Many attempts have been made to increase signal to noise ratio for hearing aid users. Attempts to do so by frequency filtering have been unsuccessful, and in fact usually counterproductive because the frequencies to be filtered out are usually those of other speakers. These are precisely the frequencies needed to understand the speaker of interest. More recent attempts have focused on directional hearings aids with maximum sensitivity in the direction the user faces. Two types of aids have been considered: directional microphones and multiple microphones with beamforming.
Typical directional microphones produce 1-2 dB of intelligibility weighted gain for a diffuse noise field with exceptional microphones producing on the order of 4 dB. This is helpful, but not enough for the typical subject. Directional microphones can however synergistically provide inputs to beamformers. For example, if directional microphones attenuate an interferer by 2 dB, the problem confronting the beamformer has been reduced in severity by 2 dB.

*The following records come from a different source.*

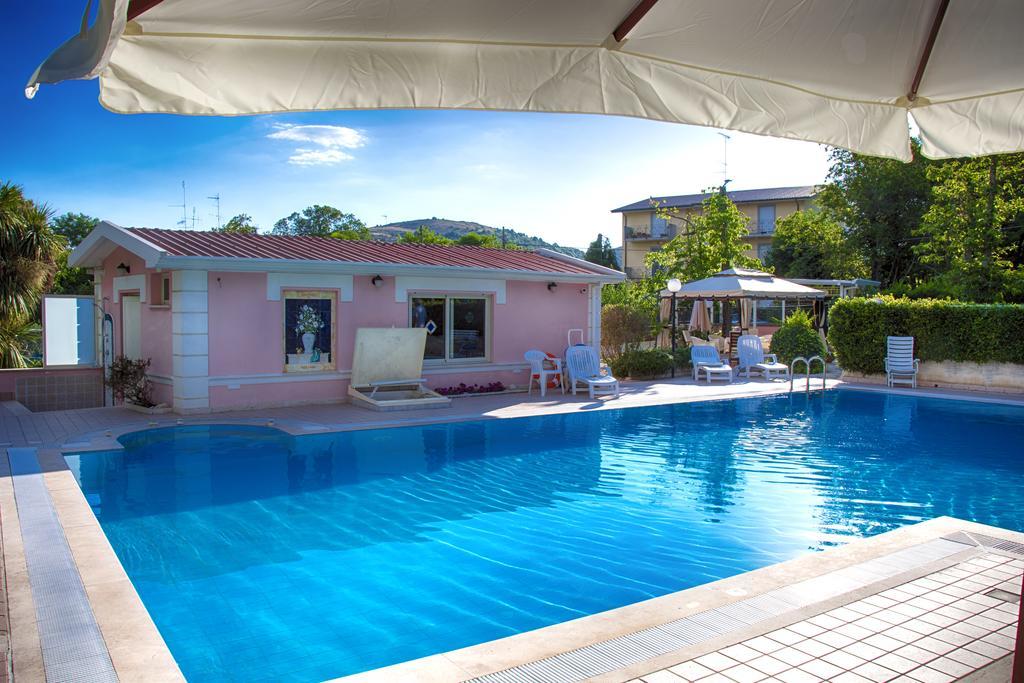 Hotel Gioia Garden Fiuggi Exterior photo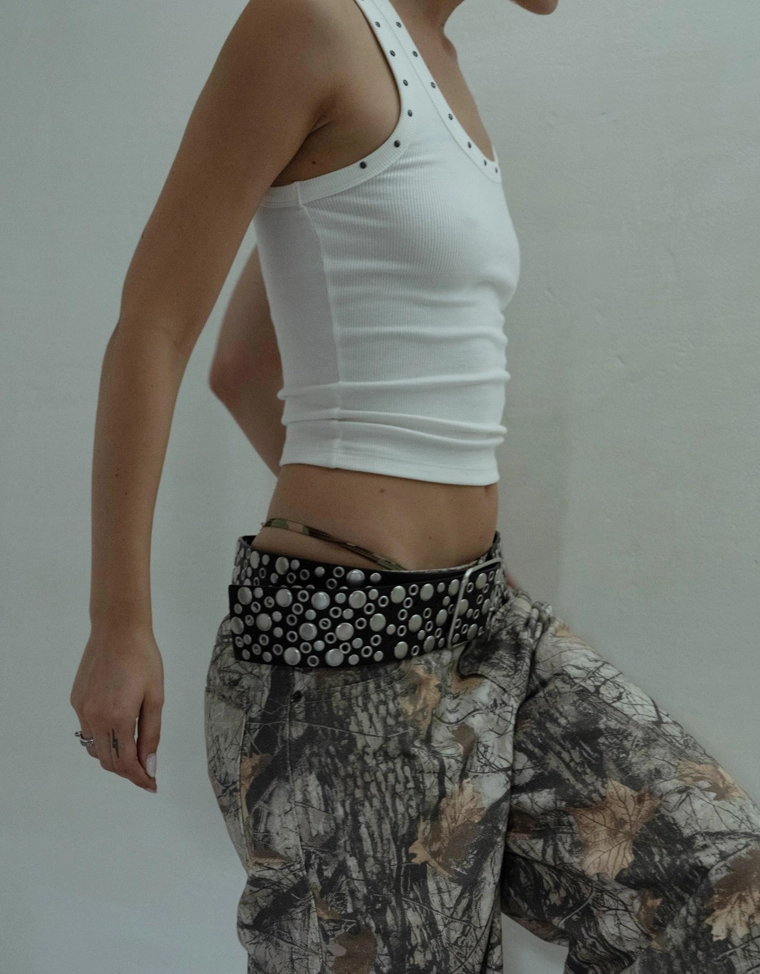 Широкий кожаный ремень с декоративными заклепками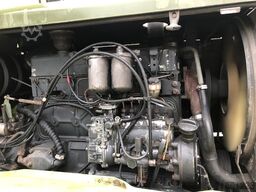 Daimler-Benz MB 1300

Several types of beamformers have been used in an attempt to improve such hearing aids, but none have as yet produced satisfactory results. For example, fixed weight beamformers have been used. Such fixed weight beamformers sum weighted microphone outputs with weights constant in time. Fixed weight beamformers can provide only about 5 dB of intelligibility weighted gain in a diffuse noise field. Using fixed weights and five directional microphones, perhaps 7 dB is possible in a diffuse noise field.
Superdirective beamformers use large weights of different sign for summing microphone outputs. Use of superdirective beamformers can give perhaps 11 dB of intelligibility weighted gain with an eyeglass temple mounted array. There are two drawbacks to the technique: 1) it is sensitive to errors in construction, processing, and assumptions about the noise field; and 2) it can require focusing (taking into account the distance to the subject of interest) of the array to avoid distortion. Use of such superdirective beamformers requires careful tradeoffs between robustness and performance. These tradeoffs may significantly reduce the performance possible.
Adaptive beamformers have also been used. Such adaptive beamformers do not use weights constant in time. Rather, the weights change as required to maintain sensitivity in the desired direction and to minimize sensitivity in the direction of noise sources. Such adaptive beamformers can produce good results in anechoic environments with point interferers: 25-30 dB and more of intelligibility weighted gain are possible. Adaptive beamformers outperform fixed weight beamformers in the case of anisotropic diffuse noise because fixed weight beamformers are optimized for isotropic noise whereas adaptive beamformers optimize themselves for any anisotropic diffuse noise. Performance against isotropic diffuse noise is the same as that of fixed weight beamformers. Their major drawback is poor performance in reverberant environments. In such an environment, they can even degrade the signal and achieve a negative intelligibility weighted gain.